▶ What to produce
When the data below is printed, every line must match exactly and the images must be absent.

....

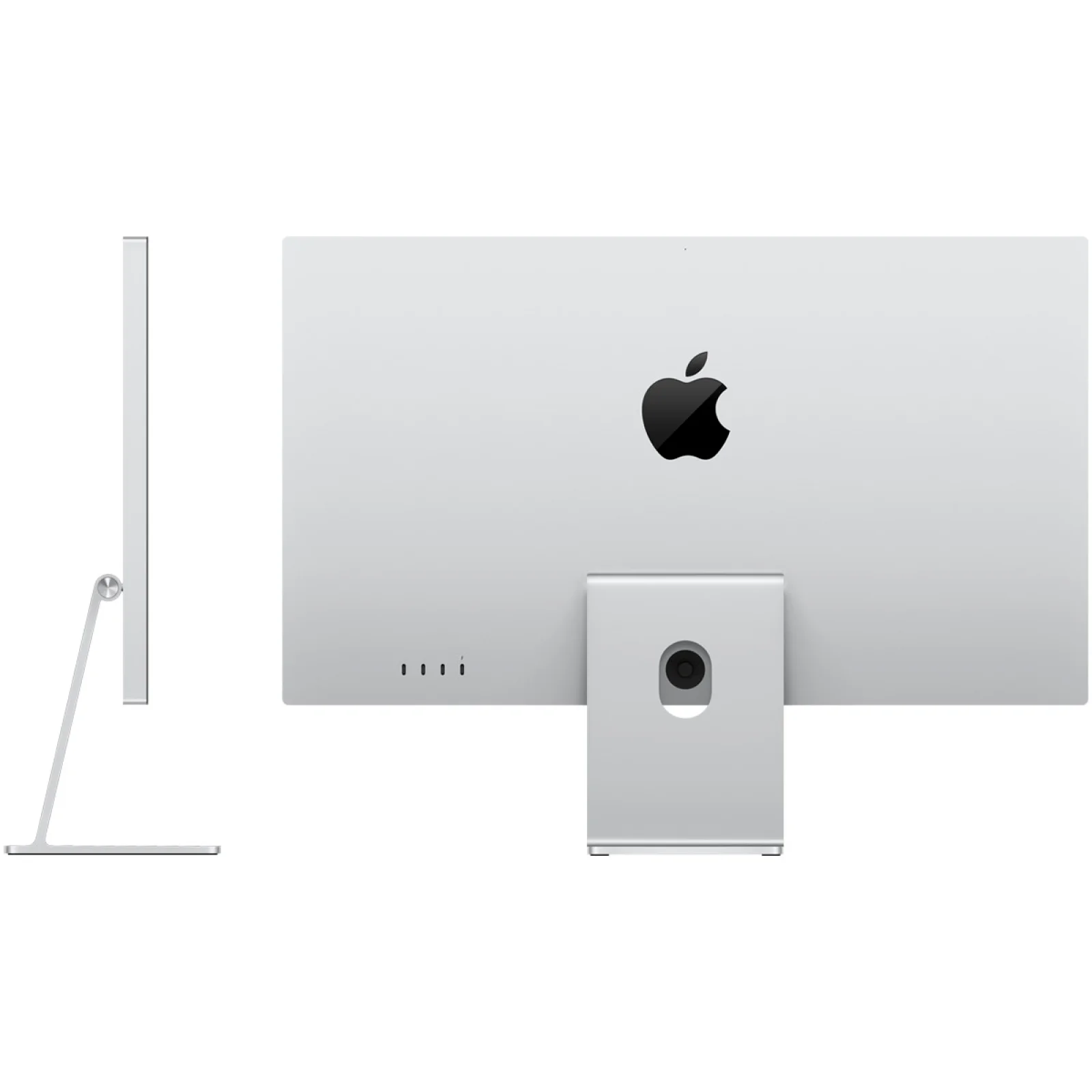 Монитор Apple Studio Display with Tilt Adjustable Stand (Standard Glass) (MK0U3, MYJG3)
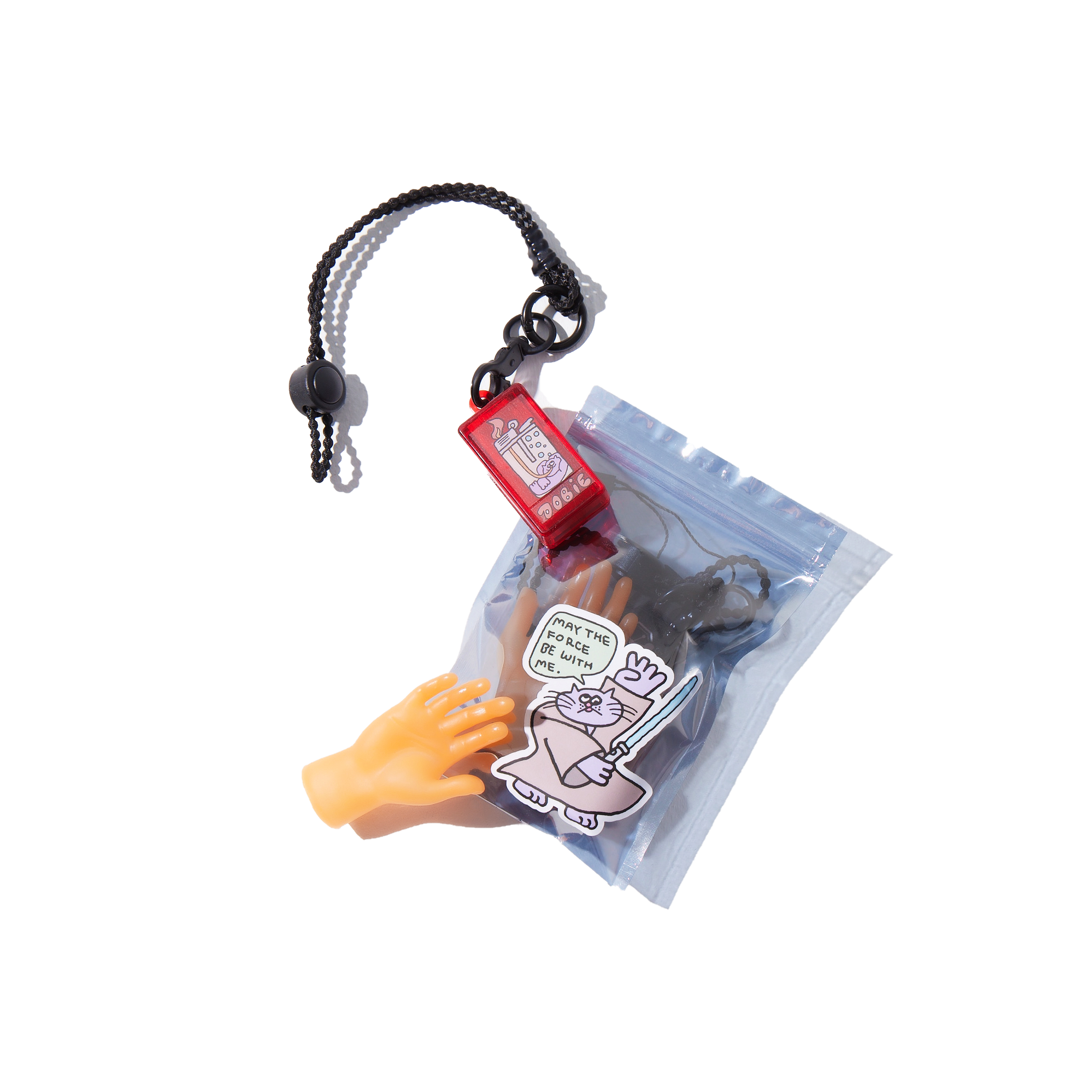 DOBiE - 台灣精製品牌貓草 / 木天蓼 / 蟲癭果 / 聯名禮盒 / 寵物用品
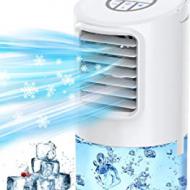 Recensioni di mini ventilatore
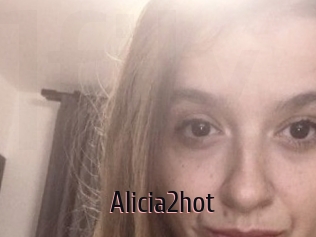 alicia2hot 1 film x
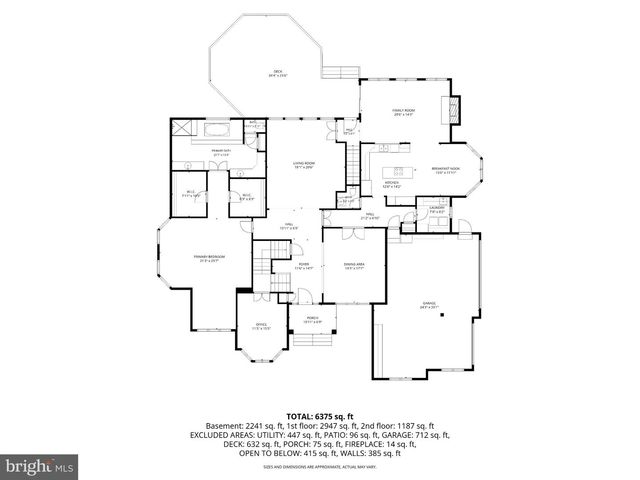 1310 MUSGROVE RD, Lutherville Timonium, MD 21093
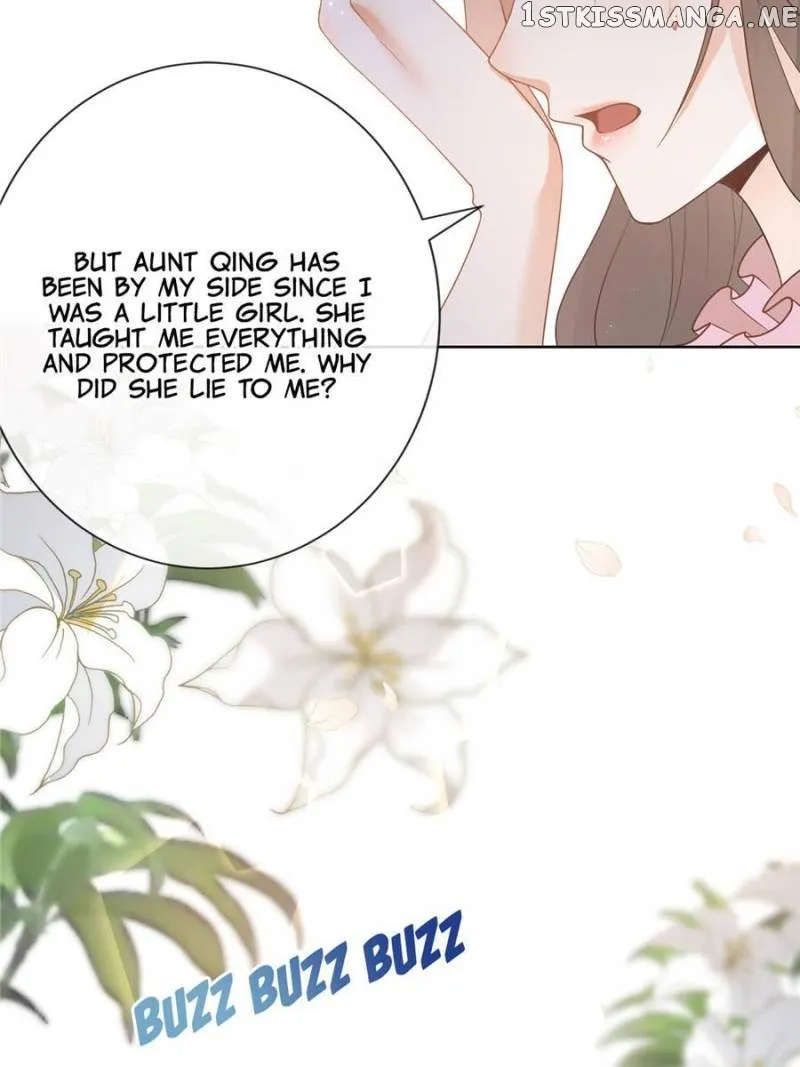 The Killer Boss is raising a Fox chapter 84 page 32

....

▶ Response
 Монитор Apple Studio Display with Tilt Adjustable Stand (Standard Glass) (MK0U3, MYJG3)
 DOBiE - 台灣精製品牌貓草 / 木天蓼 / 蟲癭果 / 聯名禮盒 / 寵物用品
 Recensioni di mini ventilatore
 alicia2hot 1 film x
 1310 MUSGROVE RD, Lutherville Timonium, MD 21093
 The Killer Boss is raising a Fox chapter 84 page 32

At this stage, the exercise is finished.